Cannot upgrade Flink SQL job to 1.18 because the Calc and ChangelogNormalize order changed

85 Views Asked by At

Context

We have Flink jobs running in a Flink cluster using version 1.15.2. Those jobs are composed of:

  • One or several KafkaSource, from which we create a changelog stream with a primary key.
  • An SQL query to combine and transform those streams.

We are now trying to upgrade to Flink 1.18. We already managed to do it in the past (from 1.13 to 1.15), using savepoints to save the state and resume the job in the new version.

Description of the problem

When trying to recreate jobs from their savepoint in 1.18, some of them fail with:

java.lang.IllegalStateException: Failed to rollback to checkpoint/savepoint s3p://flink/savepoints/savepoint-301fcc-88035400813b. Cannot map checkpoint/savepoint state for operator a815f069e4ea0e95abe7af3d3eeff8f0 to the new program, because the operator is not available in the new program. If you want to allow to skip this, you can set the --allowNonRestoredState option on the CLI.

After investigation, it seems to happen only when we select fields in the query (so SELECT * works but SELECT a, b FROM ... does not work). We compared the plan for a basic query of the type SELECT field1, field2 FROM source in 1.15.2 and 1.18.0 and we got this.

In 1.15.2:

plan in 1.15.2

In 1.18.0:

plan in 1.18.0

The only difference is that the Calc moved from after the ChangelogNormalize to before the ChangelogNormalize. We believe that it comes from this change.

Questions

Is this a bug that we should report?

If not, s there anything we can do to migrate our jobs while and keep the state? For example, an option to keep the previous behaviour? A way to adapt our savepoints before restore the jobs in 1.18?

2

There are 2 best solutions below

0
Martijn Visser On

This is not a bug, but it's just not supported directly in open source Flink

Due to the declarative nature of Table API & SQL programs, the underlying operator topology and state representation are mostly determined and optimized by the table planner.

Be aware that any change to both the query and the Flink version could lead to state incompatibility. Every new major-minor Flink version (e.g. 1.12 to 1.13) might introduce new optimizer rules or more specialized runtime operators that change the execution plan. However, the community tries to keep patch versions state-compatible (e.g. 1.13.1 to 1.13.2).

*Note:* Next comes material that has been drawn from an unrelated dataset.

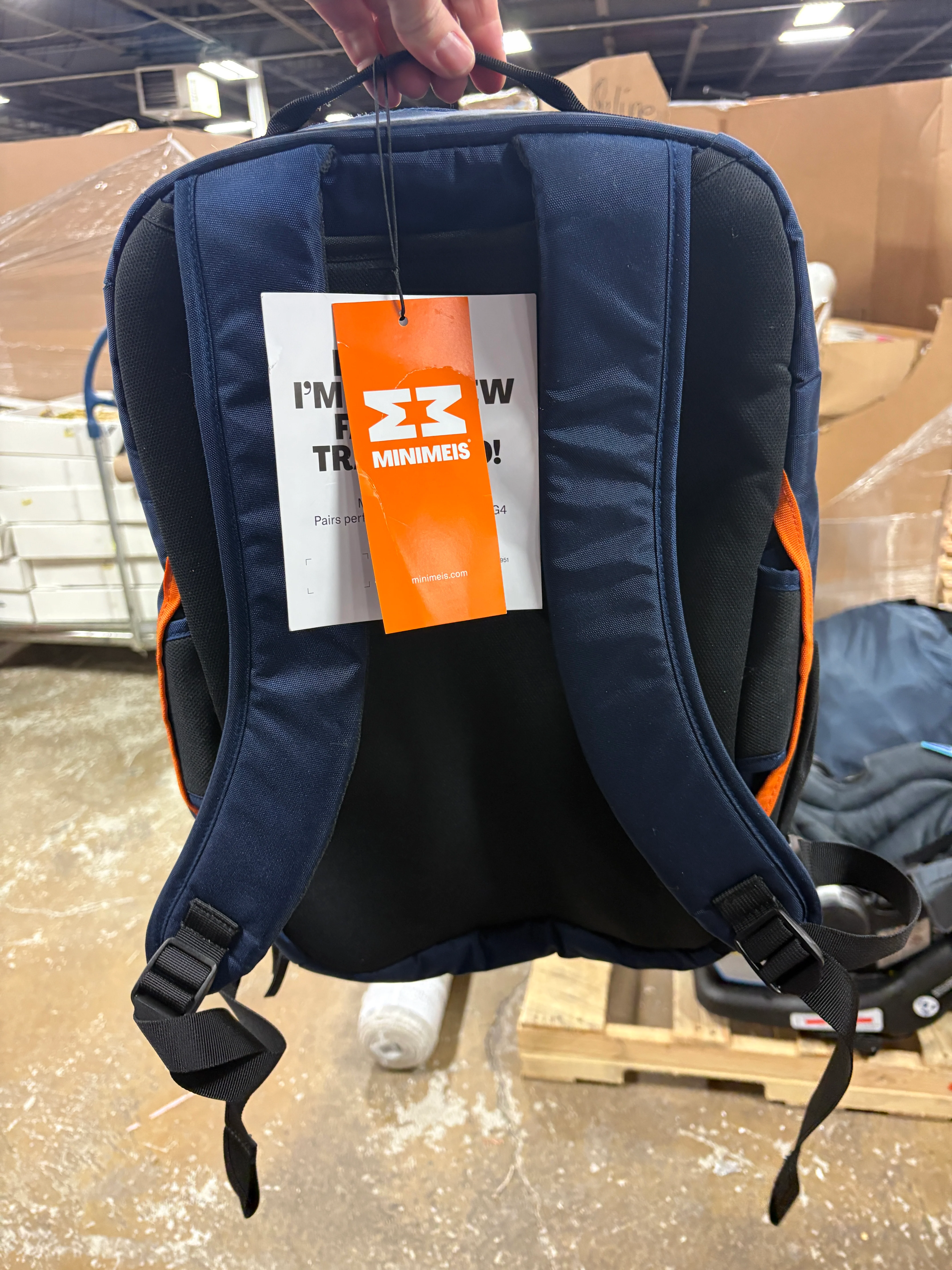 Backpack Baby Carrier - Navy - Image 6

This is also documented at https://nightlies.apache.org/flink/flink-docs-stable/docs/ops/upgrading/#application-state-compatibility

There has been work done on FLIP-190 to support version upgrades, with more information available at https://cwiki.apache.org/confluence/pages/viewpage.action?pageId=191336489

2
David Anderson On

You could try to compile the plan while running in Flink 1.15.2, and then load that compiled plan into Flink 1.18.1. For an example of this, see the Upgrading Flink recipe in Confluent's Flink Cookbook.

Disclaimer: I wrote this recipe, and I work for Confluent.